And the site of all this, the dancers’ bodies, barefoot, continuously and most purposefully exchanging motions. The body becomes the medium of differentiation, and differentiation of perception occurs. Partially shattered discourse. Intense materialism, structures laid out like nonmimetic brushstrokes. Intensifying all cognitive ambitions at once.
This is not writing itself to give you more info, but to show those processes of the mind, to dissect and reconstruct those images offered by the event of “The Stravinsky Project” by Michael Clark—to touch and resist, to choose to be interested in those processes that lie between the becoming and vanishing of images, to put everything in doubt, the now, the then, joyfully, humorously, while insisting on the specificity of images.
Clark’s short program note starts out: “Balanchine, Nijinsky, and Nijinska were something of a holy trinity for me as a student. . . . Since then over time they have become family,” then goes on to “pay homage to Balanchine, the father of American modern ballet.
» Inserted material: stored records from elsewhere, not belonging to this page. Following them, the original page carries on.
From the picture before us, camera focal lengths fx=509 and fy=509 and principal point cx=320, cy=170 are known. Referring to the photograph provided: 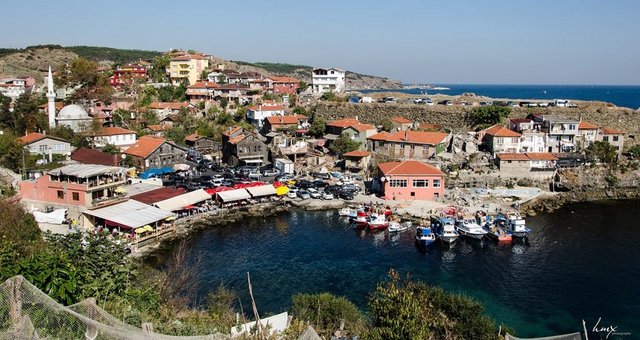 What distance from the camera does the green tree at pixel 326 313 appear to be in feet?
41.5

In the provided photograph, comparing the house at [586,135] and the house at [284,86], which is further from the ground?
the house at [284,86]

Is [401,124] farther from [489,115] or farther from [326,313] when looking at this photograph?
[326,313]

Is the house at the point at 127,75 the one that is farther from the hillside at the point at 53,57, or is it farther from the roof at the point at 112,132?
the roof at the point at 112,132

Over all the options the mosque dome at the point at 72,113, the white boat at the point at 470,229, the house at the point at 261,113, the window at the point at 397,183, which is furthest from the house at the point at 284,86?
the white boat at the point at 470,229

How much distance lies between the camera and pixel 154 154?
35.4 m

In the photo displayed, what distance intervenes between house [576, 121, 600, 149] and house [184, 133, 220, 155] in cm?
2882

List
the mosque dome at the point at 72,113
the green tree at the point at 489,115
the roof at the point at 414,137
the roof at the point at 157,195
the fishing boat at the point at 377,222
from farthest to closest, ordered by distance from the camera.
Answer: the green tree at the point at 489,115
the mosque dome at the point at 72,113
the roof at the point at 414,137
the fishing boat at the point at 377,222
the roof at the point at 157,195

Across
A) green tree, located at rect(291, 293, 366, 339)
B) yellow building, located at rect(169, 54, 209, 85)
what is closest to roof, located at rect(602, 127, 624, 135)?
green tree, located at rect(291, 293, 366, 339)

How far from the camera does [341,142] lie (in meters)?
39.3

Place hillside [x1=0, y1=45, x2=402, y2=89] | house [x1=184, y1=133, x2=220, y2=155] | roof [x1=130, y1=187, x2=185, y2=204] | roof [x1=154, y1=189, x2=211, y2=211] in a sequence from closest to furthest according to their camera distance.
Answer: roof [x1=154, y1=189, x2=211, y2=211]
roof [x1=130, y1=187, x2=185, y2=204]
house [x1=184, y1=133, x2=220, y2=155]
hillside [x1=0, y1=45, x2=402, y2=89]

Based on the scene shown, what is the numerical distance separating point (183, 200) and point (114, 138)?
1353 cm

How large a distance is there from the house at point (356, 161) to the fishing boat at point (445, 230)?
11.7 metres

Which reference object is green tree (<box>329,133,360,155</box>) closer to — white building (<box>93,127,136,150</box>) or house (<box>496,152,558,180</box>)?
house (<box>496,152,558,180</box>)

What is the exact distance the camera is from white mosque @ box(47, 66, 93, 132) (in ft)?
127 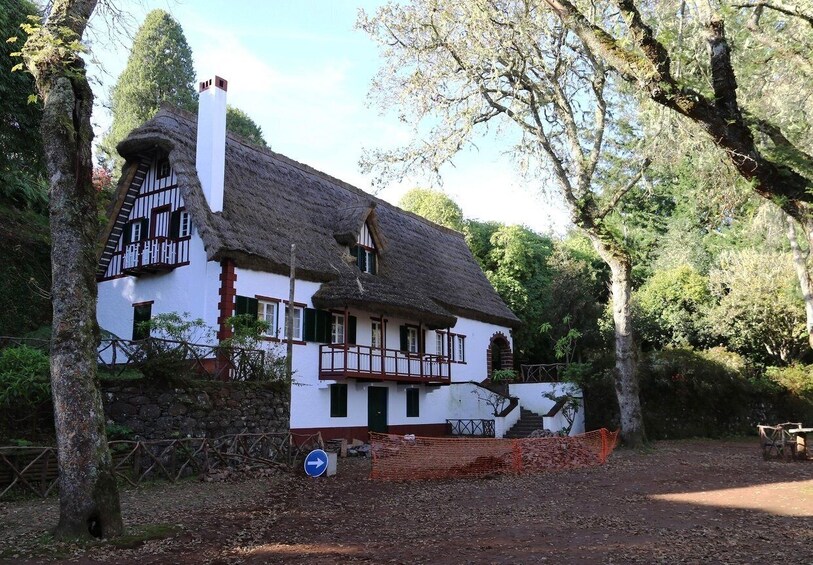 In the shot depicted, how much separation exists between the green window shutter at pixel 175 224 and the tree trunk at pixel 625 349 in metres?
11.9

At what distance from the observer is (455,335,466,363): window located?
26812 mm

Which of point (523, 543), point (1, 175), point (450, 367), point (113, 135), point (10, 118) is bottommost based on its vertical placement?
point (523, 543)

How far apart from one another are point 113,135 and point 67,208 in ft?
126

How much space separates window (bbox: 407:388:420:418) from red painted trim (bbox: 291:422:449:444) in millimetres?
395

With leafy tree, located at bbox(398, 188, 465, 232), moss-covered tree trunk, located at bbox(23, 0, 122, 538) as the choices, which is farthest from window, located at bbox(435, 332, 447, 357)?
moss-covered tree trunk, located at bbox(23, 0, 122, 538)

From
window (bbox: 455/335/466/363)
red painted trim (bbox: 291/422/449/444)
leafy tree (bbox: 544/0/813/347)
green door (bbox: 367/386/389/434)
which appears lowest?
red painted trim (bbox: 291/422/449/444)

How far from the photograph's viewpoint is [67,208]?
786 cm

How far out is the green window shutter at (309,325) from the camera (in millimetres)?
19156

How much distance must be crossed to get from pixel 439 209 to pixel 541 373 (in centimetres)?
1665

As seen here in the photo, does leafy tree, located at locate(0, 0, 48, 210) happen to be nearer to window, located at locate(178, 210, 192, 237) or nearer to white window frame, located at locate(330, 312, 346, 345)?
window, located at locate(178, 210, 192, 237)

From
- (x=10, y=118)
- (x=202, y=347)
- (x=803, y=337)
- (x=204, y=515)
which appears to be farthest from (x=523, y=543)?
(x=803, y=337)

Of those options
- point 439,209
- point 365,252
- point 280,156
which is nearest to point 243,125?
point 439,209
I intend to do so by making a small detour . . . to forge my own path.” And: “It is this impulse to create things I have never seen before, coupled with my respect for the past, which beats at the very heart of my work.”
Well, he goes about that creation with no hesitation. Whatsoever. Leaps in forcefully desystematizing, destabilizing, trying to undo the logics of representation while remaining interested in the history, and the inescapability, of that logic.
This interest in a continuous development of paradoxical moves coincides with a generational formation. Punk rock, 1980s club cultures in Great Britain. It was a pop-cultural moment of flourishing collaborations of all kinds. In Clark’s case, this means his early involvement with designers (like Bodymap), with bands (like Wire, the Fall, Laibach), and, very important, with the most unclassifiable Leigh Bowery. Clark was choreographing his most punk-attitude-laden ballets then, massively pop-spectacular, notorious for the strapped-on-prosthetic-dildo act, to name one example.
The posing and voguing. One signature thing in Clark’s choreography is the movement of the arms. There is the exaggerated stretching out, the hunching down, the controlled extreme expressionisms. Like a tableau vivant exploding. Depicting the conditions of desire in the world. Elements of pogo dancing; the hunch down; and, very often, small movements of the pelvis, usually arrested in an odd slow-motion wiggle that is asexual and sexy at the same time: Those movements show up repeatedly. And even the most untrained audience, even the spectator who knows nothing about ballet, will find a connection. Then one can start looking at the specifics. Each body—and the bodies in this ensemble are interestingly shaped, some very small, one very statuesque, one like a spring, and so on—is dealing with it in a different way. The bodies start speaking up with their limbs, while remaining utterly constrained by the structures of the ballet. Curator Suzanne Cotter called it “expanded plasticity.” Or you could call it a conceptual Gesamtkunstwerk, a total artwork that is never really total, that is purposely distorted with humor or classicism, or rebellion, or attitude. A gesamt that is never complete, or really holistic—and that does not always makes sense, either. But gesamt enough to still be able to connect with the body, with art.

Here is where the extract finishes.